Le 22. 53, dicevamo. In un paio di bar avevano il televisore sintonizzato su una partita, Real Madrid-Glasgow Rangers. Niente di fondamentale, ma le sere gli uomini le passavano così. Giusto arrivare alla mezzanotte, per rialzarsi alle sei, forse prima. Dicono che dal boato alla morte passarono quattro minuti, ma la sensazione della morte non ci fu, perché fuori era buio e l’onda che travolse da una parte Longarone, dall’altra Erto e Casso, era buia. Non ci fu niente, dopo. L’acqua si portò via tutto: donne, vecchi e bambini, le loro case, i loro bar. I giornali di allora non capirono neppure bene dove fosse questo posto. Un fotografo storico di Belluno, Bepi Zanfron, partì perché gli dissero i vigili del fuoco che si era rotta una tubatura e forse c’erano cinque o sei morti.

Quando arrivò si trasformò in soccorritore di quasi nessuno: i morti furono 1910, i feriti lievi appena 95, gli altri, quelli gravi 49. Due gravissimi. Questo fu. Per la prima volta, oggi, Longarone ha un sindaco nato dopo la tragedia, Roberto Padrin: “Tendo a escludere che ci sia stato il dolo. Non voglio crederlo anche di fronte agli errori macroscopici che uomini di scienza commisero. Anche perché non c’è giustizia senza perdono”. Non la pensano come lui molti altri, che continuano a chiedere giustizia.
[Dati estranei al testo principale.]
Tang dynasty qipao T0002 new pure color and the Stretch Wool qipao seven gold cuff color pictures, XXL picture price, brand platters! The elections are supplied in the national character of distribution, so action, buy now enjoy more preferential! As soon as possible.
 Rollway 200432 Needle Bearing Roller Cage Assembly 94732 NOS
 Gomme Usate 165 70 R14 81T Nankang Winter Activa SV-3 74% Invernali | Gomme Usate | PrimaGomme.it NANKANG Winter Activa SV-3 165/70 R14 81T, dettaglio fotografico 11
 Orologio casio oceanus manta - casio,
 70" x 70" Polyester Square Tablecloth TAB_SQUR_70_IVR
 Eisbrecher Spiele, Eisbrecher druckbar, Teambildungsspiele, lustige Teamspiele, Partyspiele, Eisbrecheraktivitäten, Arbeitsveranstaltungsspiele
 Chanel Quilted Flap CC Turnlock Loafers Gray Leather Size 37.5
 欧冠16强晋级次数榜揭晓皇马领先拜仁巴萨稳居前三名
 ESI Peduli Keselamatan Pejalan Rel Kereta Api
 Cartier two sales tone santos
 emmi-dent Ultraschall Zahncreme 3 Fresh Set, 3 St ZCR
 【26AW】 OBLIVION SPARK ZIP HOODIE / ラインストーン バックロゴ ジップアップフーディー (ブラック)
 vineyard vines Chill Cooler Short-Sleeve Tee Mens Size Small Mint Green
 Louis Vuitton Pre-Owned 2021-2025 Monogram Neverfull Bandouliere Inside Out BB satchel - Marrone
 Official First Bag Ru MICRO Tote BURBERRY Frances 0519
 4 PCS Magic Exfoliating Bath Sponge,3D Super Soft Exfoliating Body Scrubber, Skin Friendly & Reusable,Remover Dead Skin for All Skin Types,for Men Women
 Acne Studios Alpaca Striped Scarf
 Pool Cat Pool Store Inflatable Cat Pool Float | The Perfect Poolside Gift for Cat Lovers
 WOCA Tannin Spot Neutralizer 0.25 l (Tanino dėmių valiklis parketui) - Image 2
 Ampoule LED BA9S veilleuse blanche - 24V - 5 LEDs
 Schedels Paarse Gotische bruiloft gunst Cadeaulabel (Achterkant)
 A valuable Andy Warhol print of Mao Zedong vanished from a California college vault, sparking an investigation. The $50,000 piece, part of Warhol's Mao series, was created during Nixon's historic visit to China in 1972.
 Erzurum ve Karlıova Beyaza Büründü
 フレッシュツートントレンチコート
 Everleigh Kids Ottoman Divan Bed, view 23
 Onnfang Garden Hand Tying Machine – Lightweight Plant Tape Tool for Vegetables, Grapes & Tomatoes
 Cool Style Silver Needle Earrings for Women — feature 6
Troppi processi, troppe promesse, rinvii. E troppe verità che allora vennero omesse.

Il capitolo non può chiudersi, perché non c’è niente da chiudere finché ci saranno persone che da allora non dormono la notte, hanno paura dell’acqua. Persone con sindromi ansiose, e a Longarone sono in percentuale maggiore rispetto ai paesi, dove invece il Vajont lo sentirono senza vivere la distruzione in prima persona. Ma andateci lassù, dove la diga fierissima guarda il basso dai suoi duecento metri. E lo sentirete quell’odore delle 22 e 53. Il vento può stropicciarti la faccia quando decide che deve essere così. Basta restare con gli occhi ben aperti e lo rivedrete tutto quel film dell’orrore che l’Italia ha voluto sotterrare nel cimitero di Fortogna, lì, a pochi chilometri di distanza, dove molte croci sono rimaste bianche perché i corpi ai quali riuscirono a dare un nome sono meno della metà.

Fu una strage, voluta e consumata in nome della nazionalizzazione dell’energia elettrica. E la giustizia la fece quel giudice piccolo di statura, ma con un cuore così e i nervi d’acciaio, Mario Fabbri. La fece la giornalista, Tina Merlin, che denunciò prima di ogni altro quello che sarebbe accaduto. La Sade, che poi diventò Montedison e altro ancora, ebbe anche il coraggio di denunciarla. Ne uscì assolta. Nonostante fosse una donna, nell’Italia claustrofobicamente perbenista di allora. E comunista.